I was sitting at home on a blizzardy winter day, reading Our Home and Family by Laura Baxter (copyright 1952), and I came across this section that I simply have to share with you:
"Schoolgirls seldom have the full responsibility of caring for the house. [...] Tasks commonly given to them include the care of their own room, sweeping and brushing, taking care of cupboards and closets, caring for the bathroom, cleaning and polishing the silverware and other metals, keeping tables and desks in order, and washing dishes and utensils. Here is a song for cleaning day that should keep a girl's heart content that she has such jobs to do:
Brown soap can brew a scrubbing froth
Fragrant as orange peel or tar;
It makes a closet or a cloth
As fresh as dogwood blossoms are;
And wax, that amber soft and slow,
Embalms old carving in a glow.
Polish can turn a bowl of brass
Into a bell that beats a gleam,
Can make a silver dish a glass
Of lights like birches in a dream;
While bright as peaches copper blooms
Out of the corners of the rooms.
There could not be a blither work
Than skill with pumice, brush, and soap,
To bring a bright thing from a dark,
To fill the house with lamps of hope.
And so before the morning goes
Put stars among the goblet-rows.
Oh boy. Where do I start on this one?
First of all, what the heck kind of a song is that?! If my mom would have sat me down and said, "Honey, let's learn this fun song!" and then pulled that thing out, I would have laughed (respectfully and politely) in her face. It doesn't make sense, and the rhyme scheme is super funky. Were fifties children far more poetically inclined than our generation of lazy millenials? Because the extent of my clean up music was "Clean up, clean up, everybody do your share" from Barney.
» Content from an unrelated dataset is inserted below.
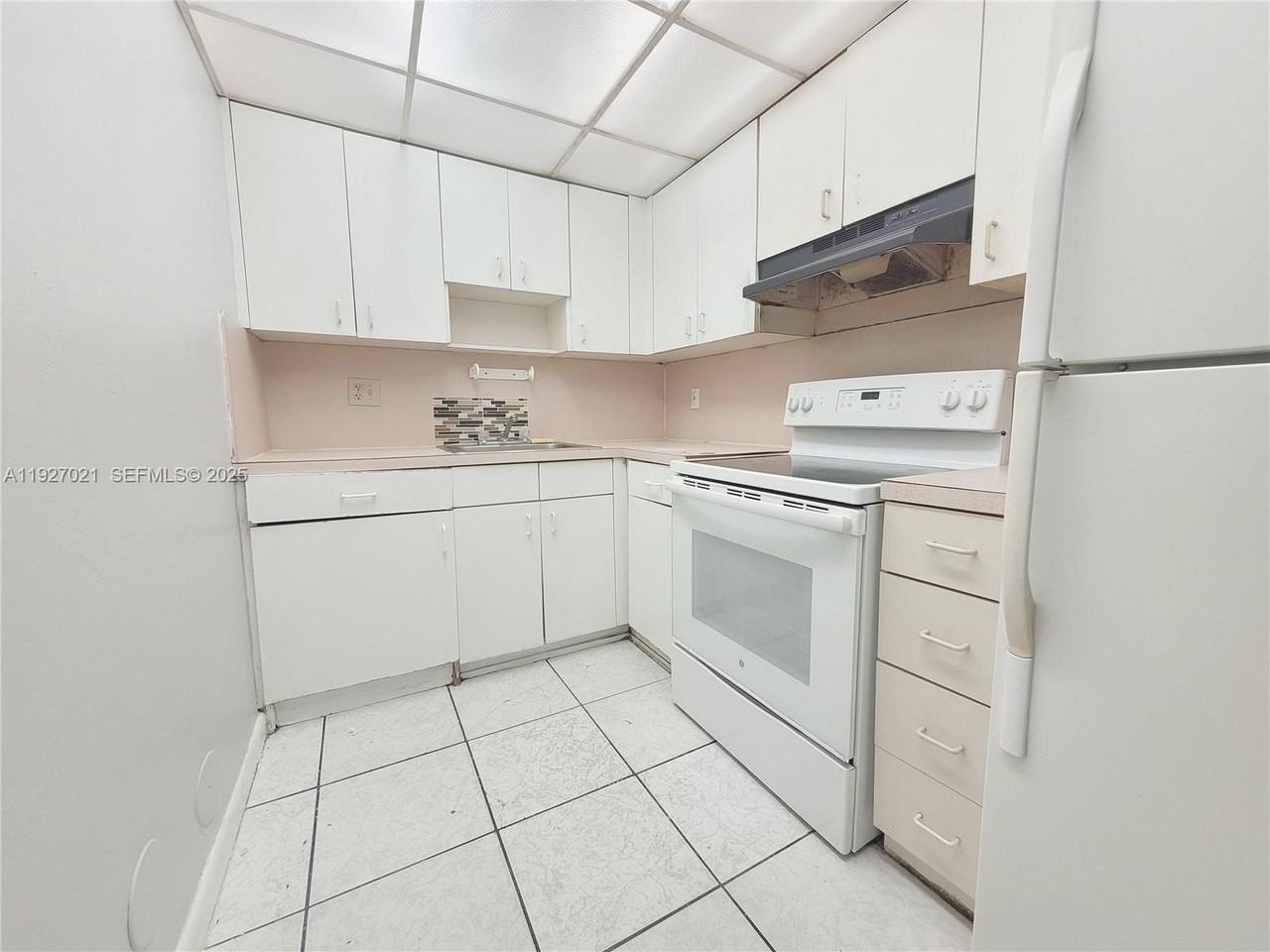 400 Northeast 18th Avenue #104 - Photo 3 of 14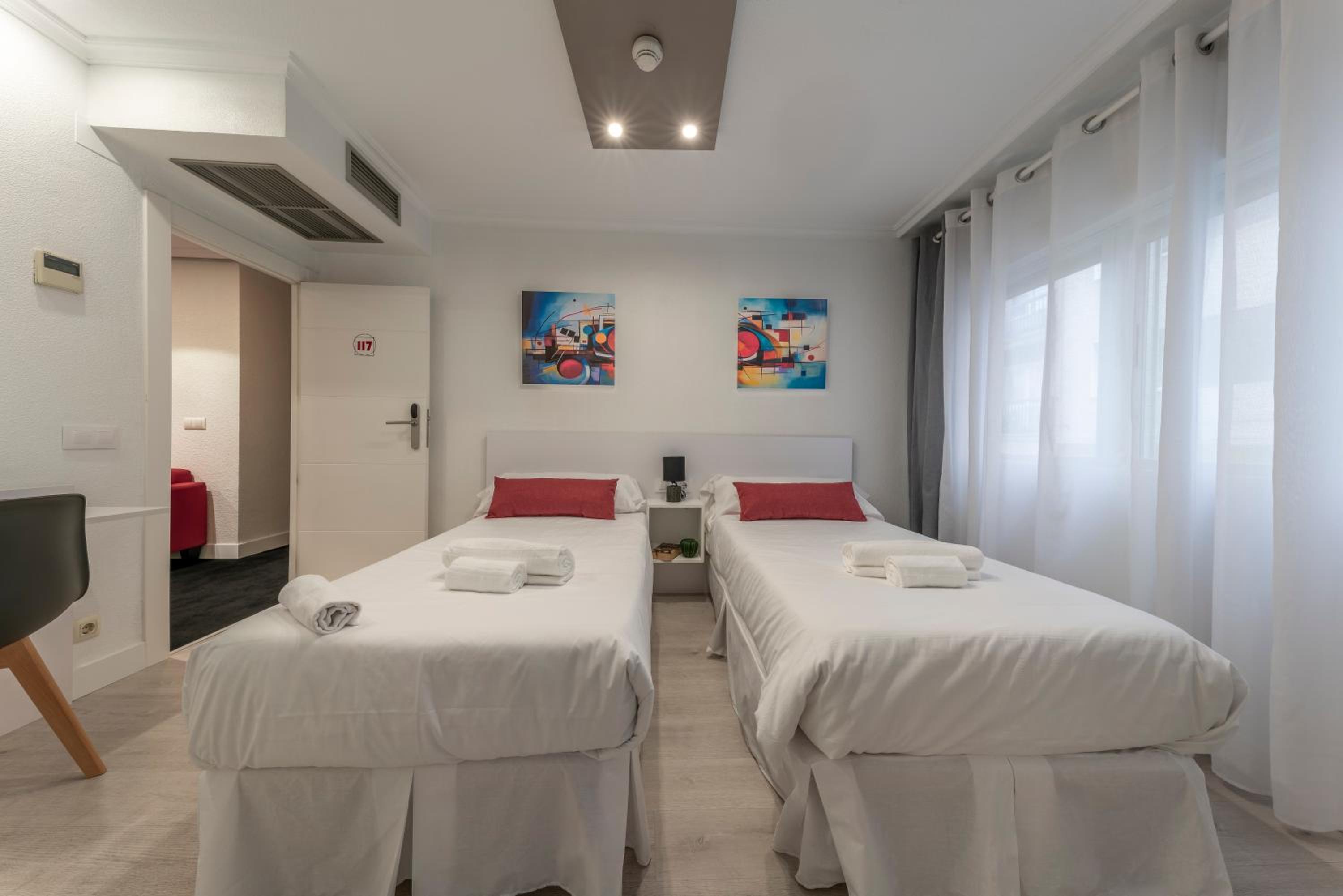 Double Room - Photo 1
Also, the blurb before the song says that it is supposed to keep a girl's heart content that she has such jobs to do. Umm...really? Let's take a look into little Suzie's 1952 conversation with her mom:
Mom: Suzie dear, would you please polish the silver?
Suzie: Golly gee, Mom, do I gotta?
Mom: You have to do it, Suzie, but good news: you can sing the bat-crap-crazy cleaning song I taught you!
Suzie: Holy moly! What fun! Now my heart is content. Where's the silver?!
Sorry Ms. Baxter, that didn't happen. Ever. Your song is freaky and weird.
Does anyone else think that this author just wanted to be a poet, but no one would buy her weird poetry so she just inserted it into her textbooks so she could see it in print? Because that's what I think.
I'm trying to follow the advice in these books, so I tried singing while cleaning today. I actually tried singing that specific song (I tried to come up with a melody, but that got pretty boring so I ended up rapping it instead. I bet that's not what Laura Baxter was going for). I actually got less cleaning done because I couldn't figure out the dumb song. Elvis looked at me like I was nuts, and he was probably right. I decided to give up on the dishes and come write this entry. So really...the cleaning song completely backfired. I'm going to try again with the Barney version and see if I do better.
Haha! Love this! I find that music in general can keep me more motivated at times. But this song - it's not gonna do it for me either!